In addition to a low harmful substance content, a high nutrient content is crucial for the quality of wood ash when it is used as a fertiliser. There are also physical parameters that determine how well wood ash fertiliser can be applied to fields; grain size and moisture content play a role towards enabling dust-free application of the fertiliser. All these characteristics determine whether and how well wood ash is suited for use as a fertiliser. The Federal Quality Association for Wood Ash (BGH) has developed a detailed catalogue of requirements and test algorithms, which is used to certify wood ash. A quality assurance procedure was developed in cooperation with the Federal Quality Association for Compost, of which the BGH is a division.
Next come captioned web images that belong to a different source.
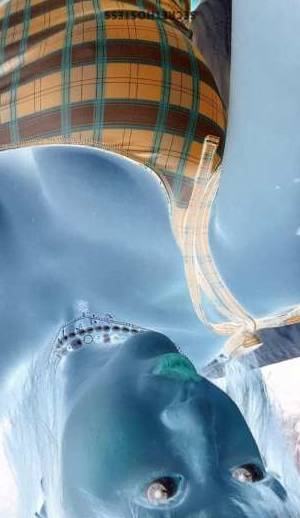 27 year old Escort in Columbus OH Experience the Touch of Gold Certified Masseuse Rose here to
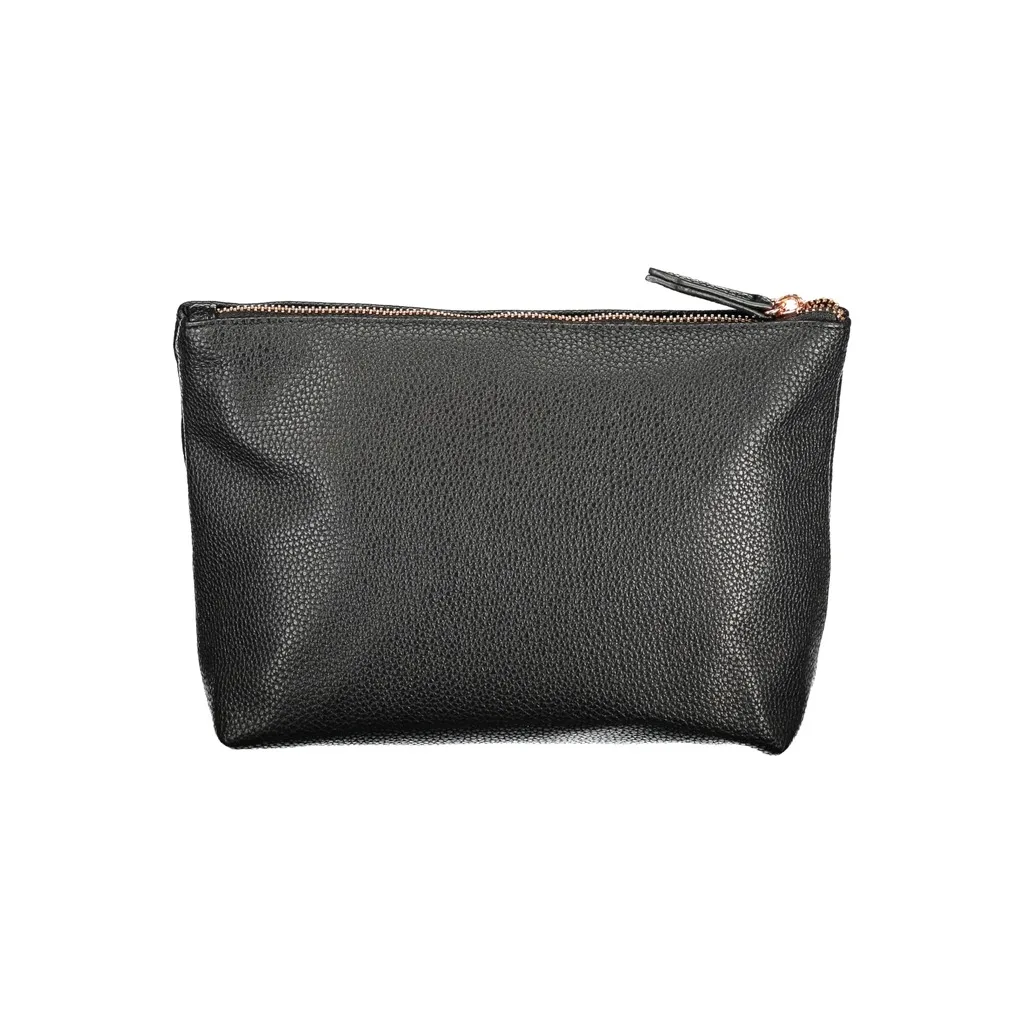 Valentino Handtasche Schwarz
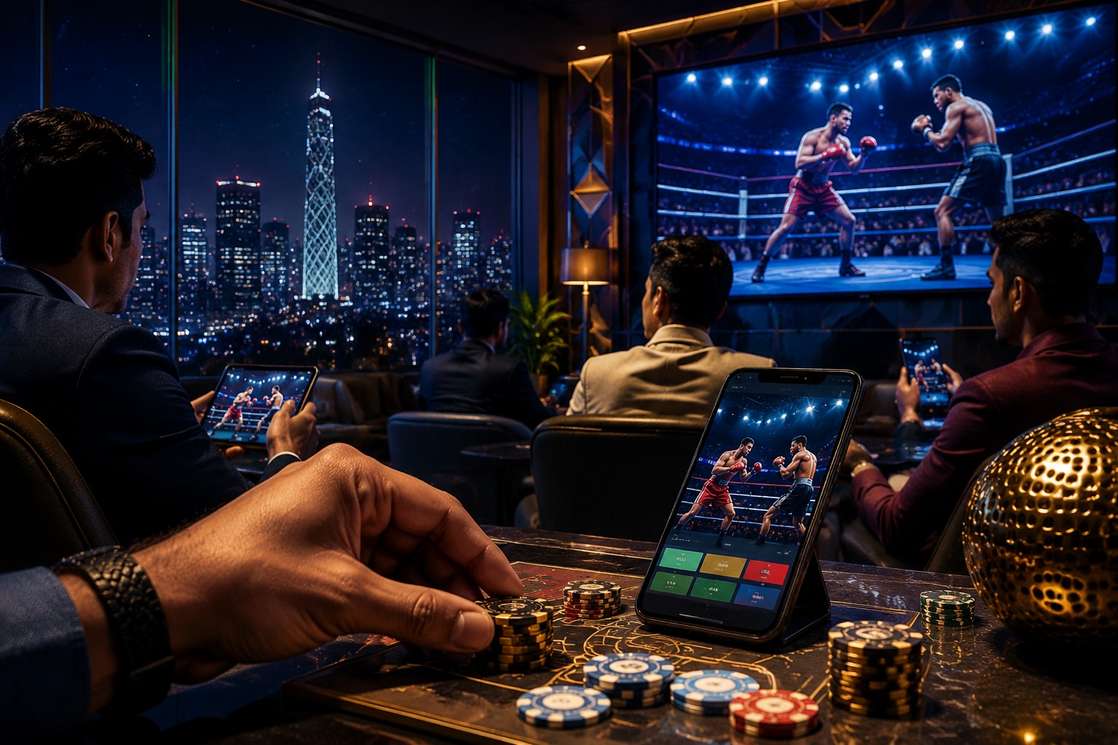 09 bad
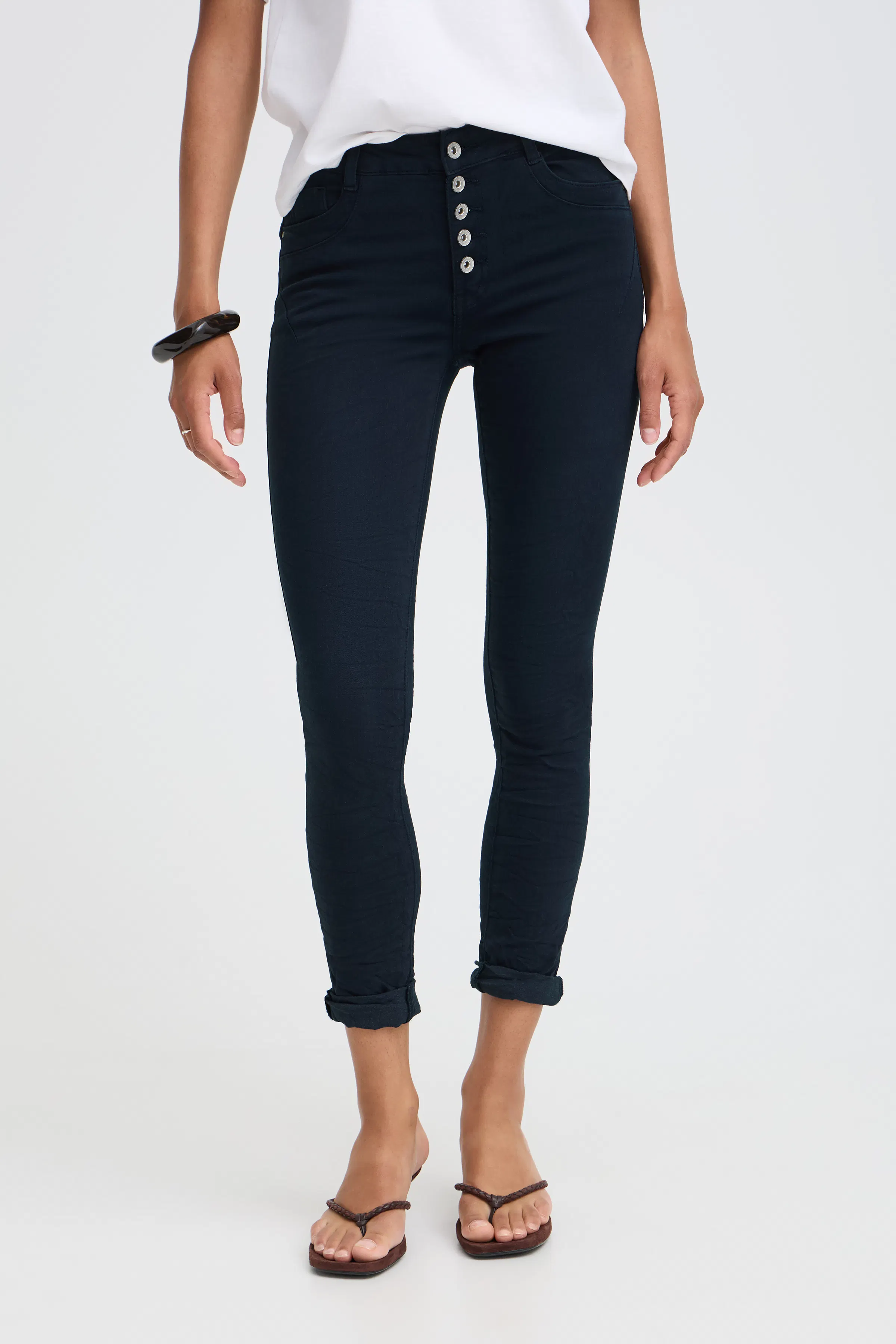 BXKAILY Jeans LOOKBOOK FRONT 20809071-194020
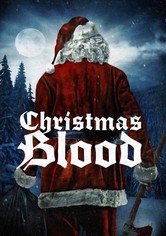 Christmas Blood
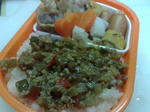 200912037111.jpg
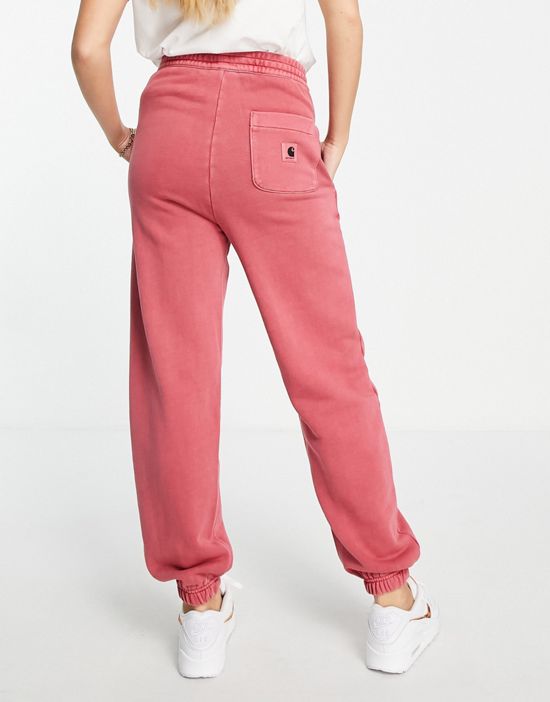 https://images.asos-media.com/products/carhartt-wip-relaxed-sweatpants-with-bum-logo-part-of-a-set/200999558-2?$n_550w$&wid=550&fit=constrain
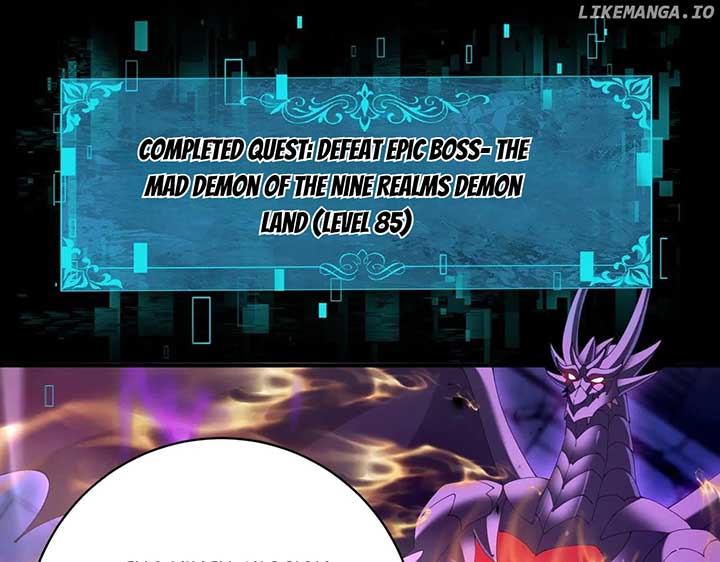 Read Worthless Profession Dragon Tamer Manga Online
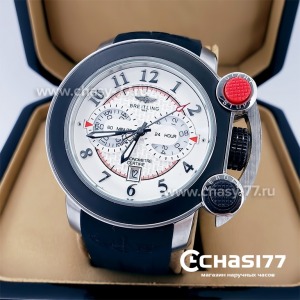 Копия Breitling Chronometre Certifie  (18927)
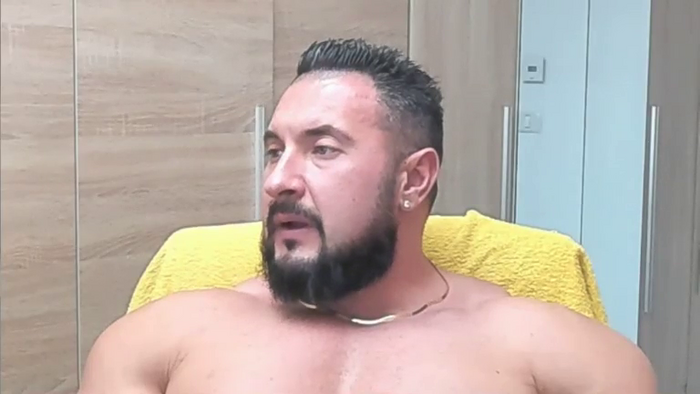 HadrianMax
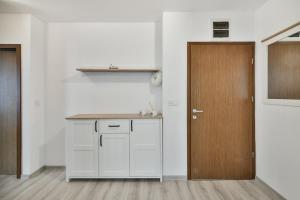 Boutique holiday Golden Sands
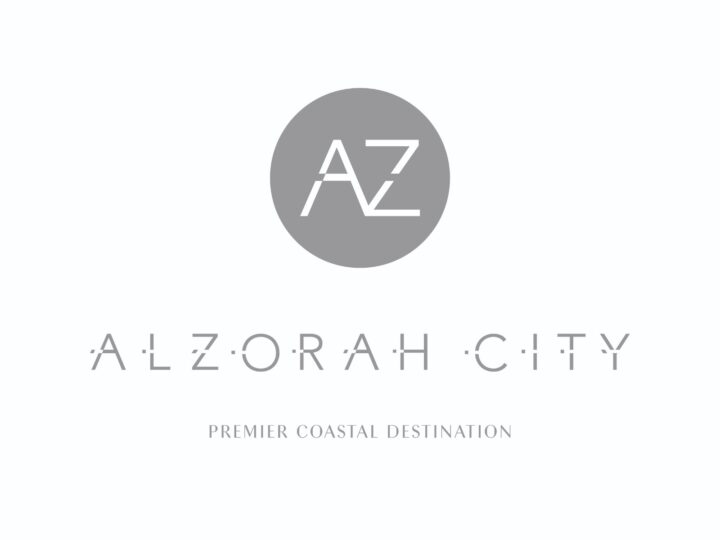 Al Zorah Development (Private) Company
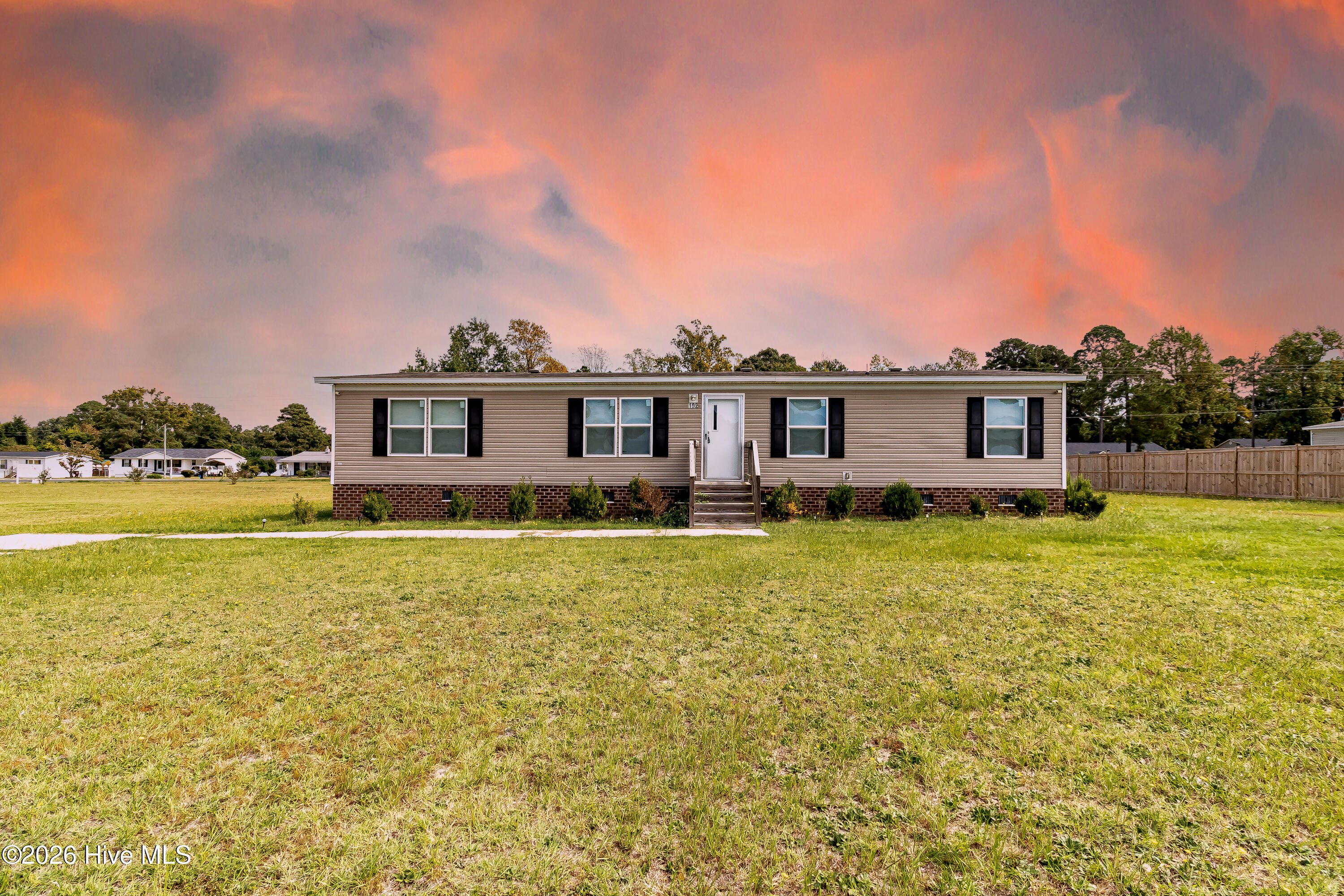 102 Bonnie Farms Road Property Photo 2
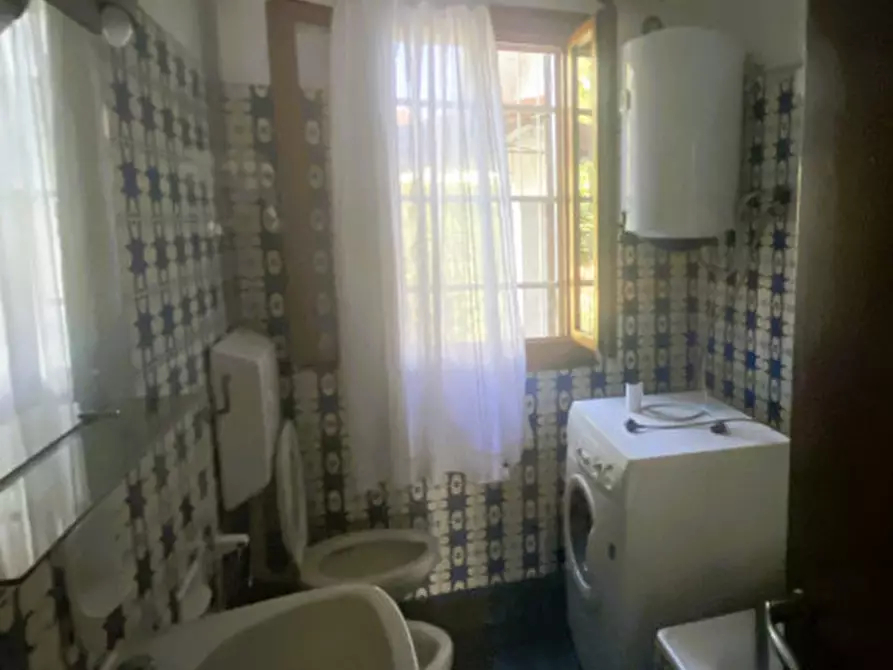 Immagine 11 di Casa bifamiliare in vendita  in Via Roma a Agna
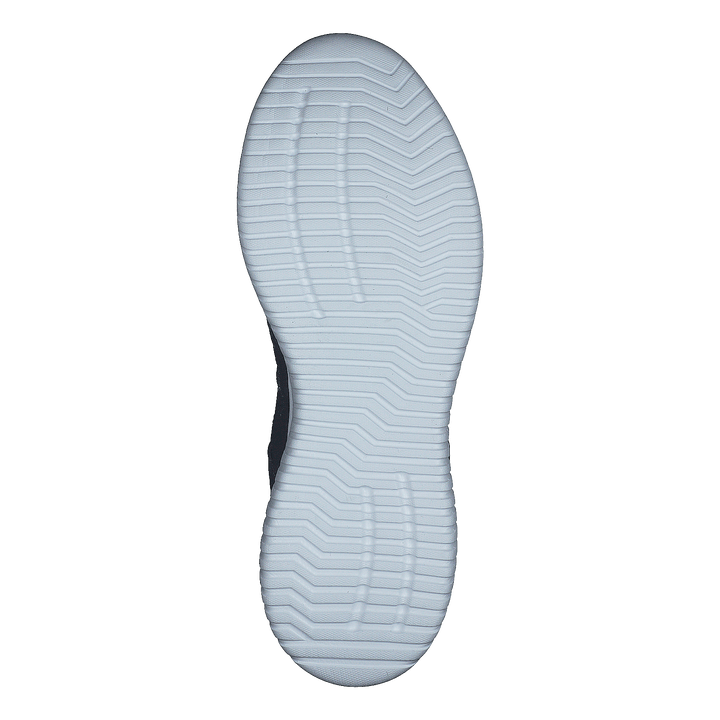 435-0118 Comfort Sock Navy Blue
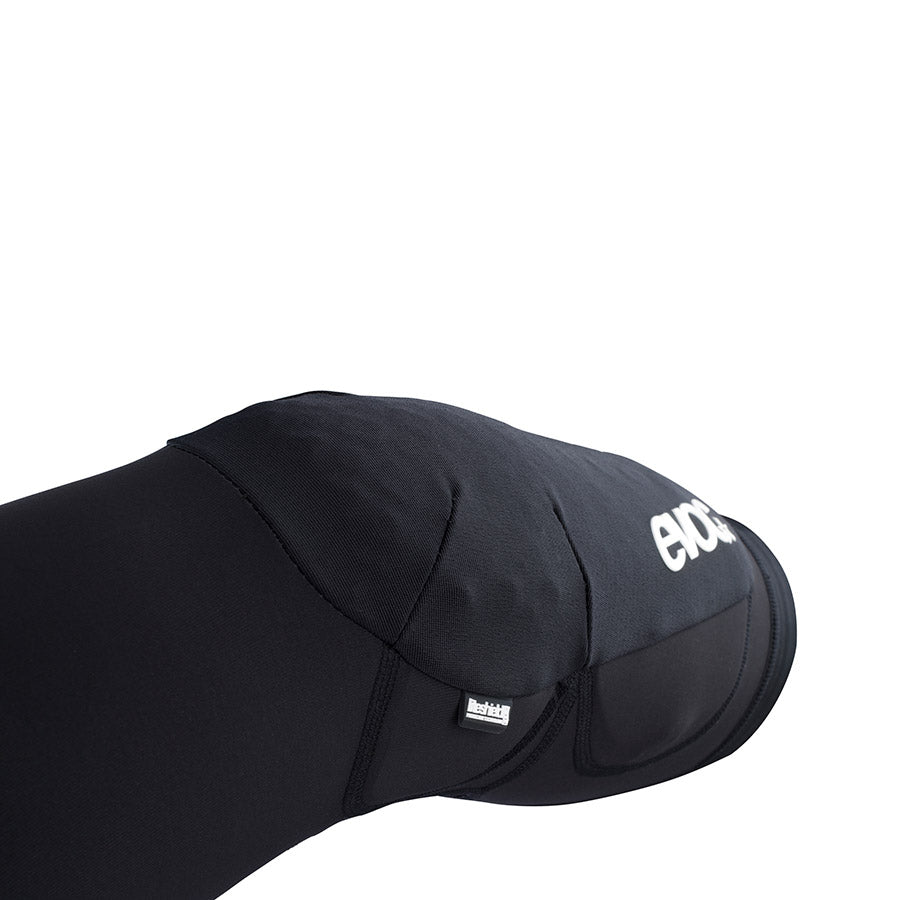 Knee Protector LS Flex Lite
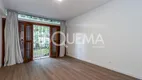 Foto 24 de Casa com 4 Quartos para alugar, 488m² em Jardim Paulistano, São Paulo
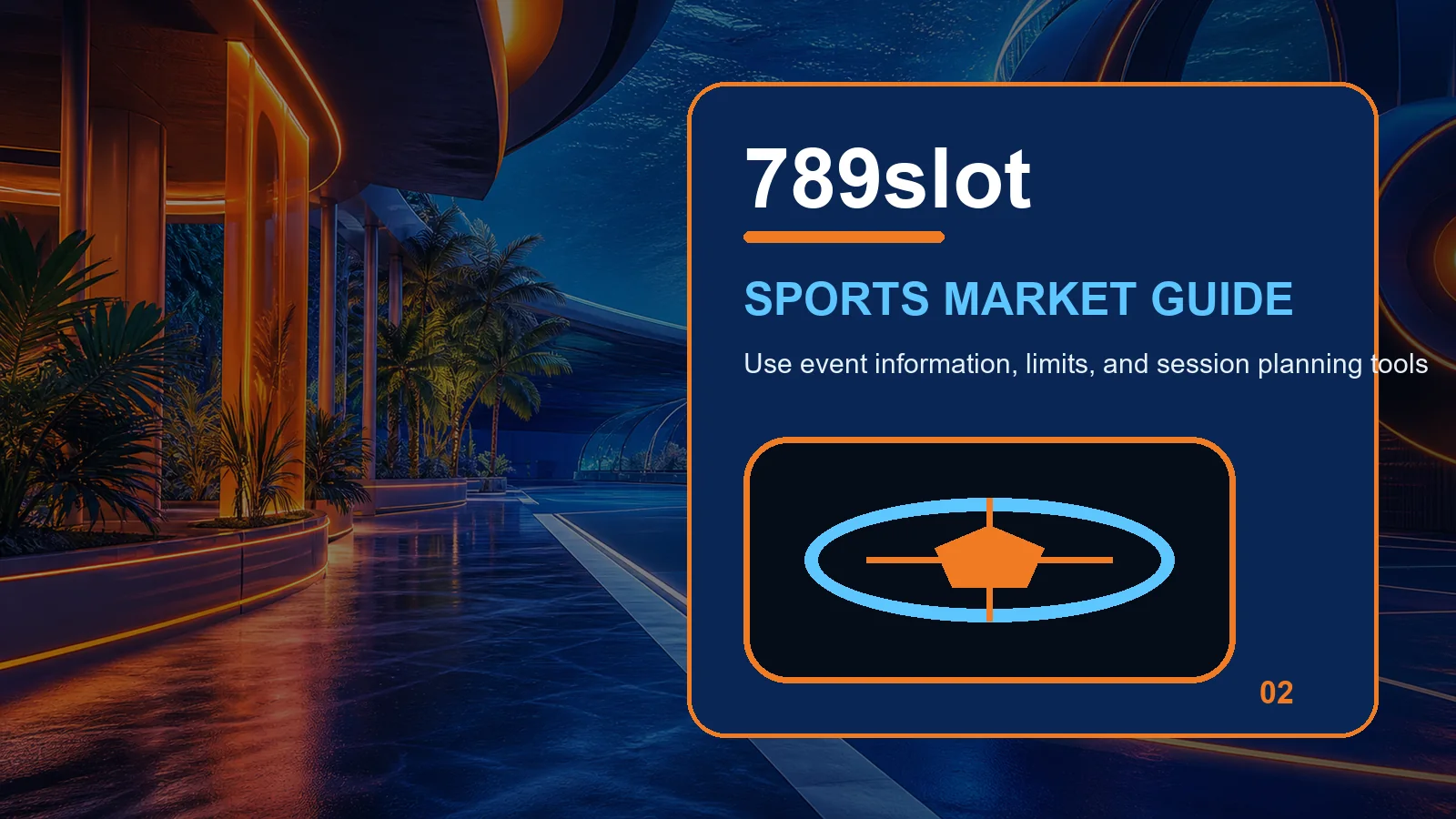 789slot sports full-width visual guide 2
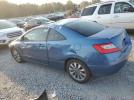 Honda Civic Ex Image 12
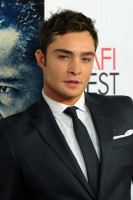 photo 22 in Ed Westwick gallery [id543591] 2012-10-16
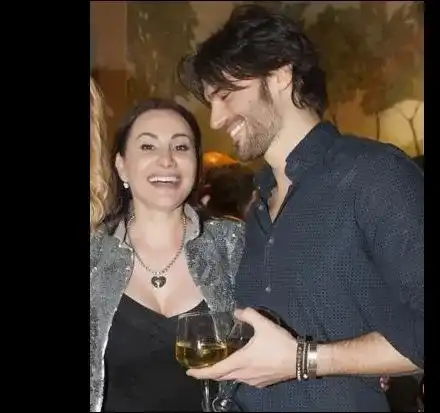 Дарина Павлова отказва сватба с Джулио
Wood ash manufacturers who have their products successfully tested are awarded the RAL-Dünger quality label. In addition to certification as a stand-alone fertiliser, wood ash can also be certified for use as a fertiliser component. "The requirements for harmful substance limits and nutrient values are the same for both processes; only the physical requirements do not currently have to be met as a component in these certifications," explains Schrägle.
It should be noted that only wood ash from the incineration of natural, untreated wood is certified. This usually comprises residual and waste materials that cannot be recycled. The largest share in terms of volume comes from forestry. Shredded branch scraps or bark beetle wood are suitable raw materials; but wood fractions, which accumulate when mowing embankments or in green waste collection points, are also possible. If the material ends up in energy recycling plants, for example in combined heat and power plants, these can increase their portfolio with the ashes. In addition to heat, or heat and electricity, the plants can produce wood ash as a further mainstay. One of the services offered by the Federal Quality Association for Wood Ash is to advise plant operators on process engineering issues and to provide support to help them get the best out of their substrates as far as wood ash is concerned.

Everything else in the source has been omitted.